• [Exercise description]:
A verbatim copy is needed of the lines below from the one containing "Уровень шума корпуса" up to and including the one containing "新規事業の構想・PoCを事業化目線で壁打ちします 60分で顧客・課題・価値と次の一手を整理 イメージ3", excluding pictures.

• [Data for this exercise]:
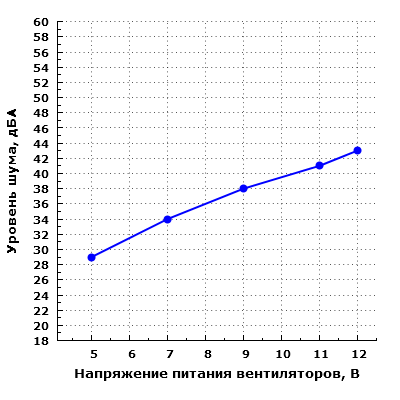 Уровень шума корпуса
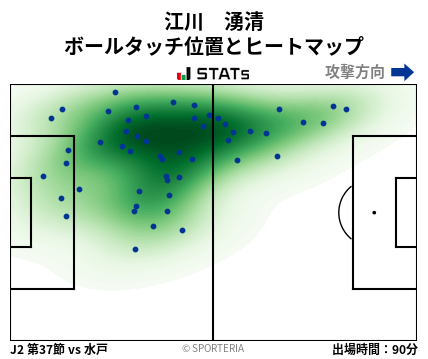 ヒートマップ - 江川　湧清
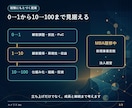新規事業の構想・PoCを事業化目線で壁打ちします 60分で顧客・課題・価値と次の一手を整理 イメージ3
* * *
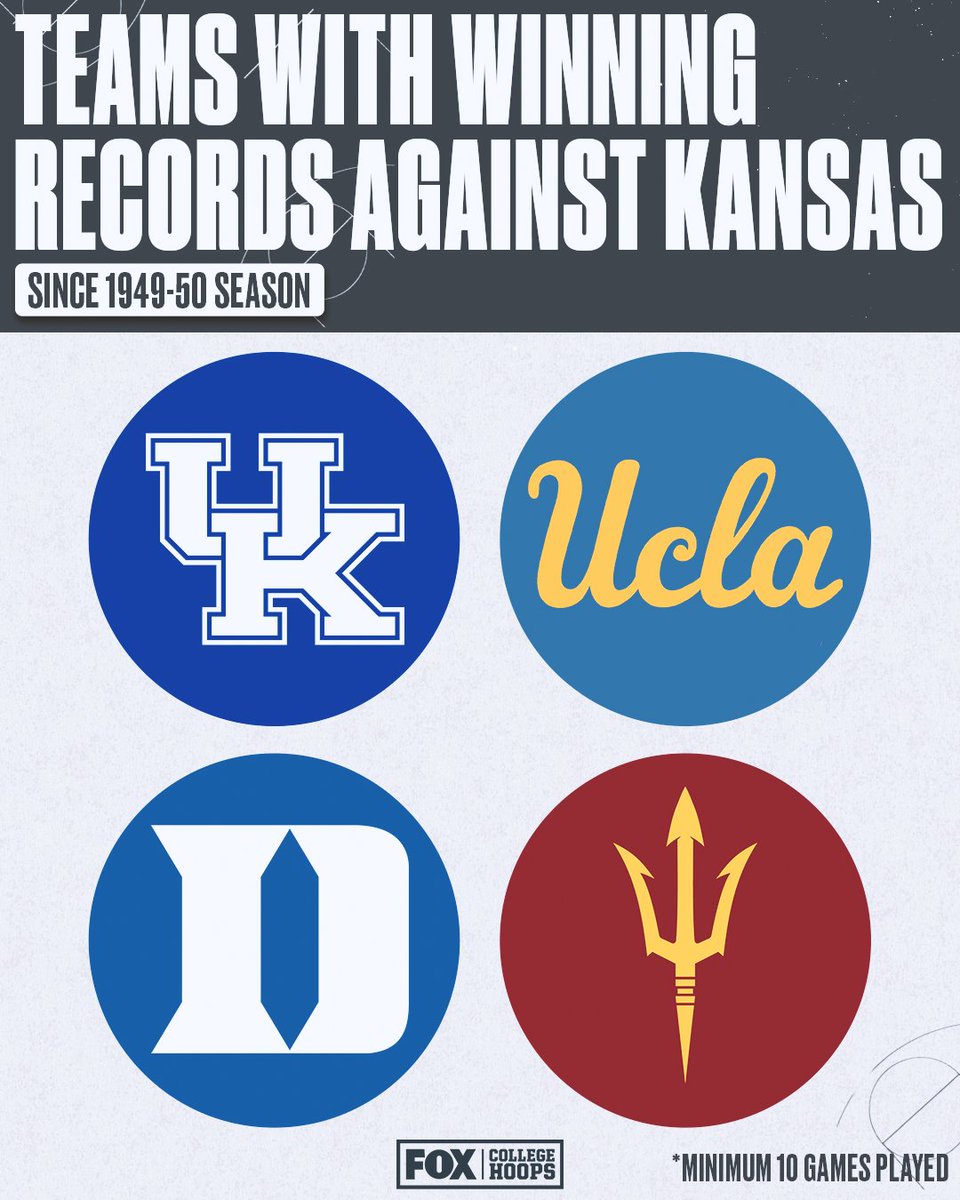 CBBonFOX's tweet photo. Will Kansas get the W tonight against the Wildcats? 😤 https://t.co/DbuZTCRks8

• [Response]:
 Уровень шума корпуса
 ヒートマップ - 江川　湧清
新規事業の構想・PoCを事業化目線で壁打ちします 60分で顧客・課題・価値と次の一手を整理 イメージ3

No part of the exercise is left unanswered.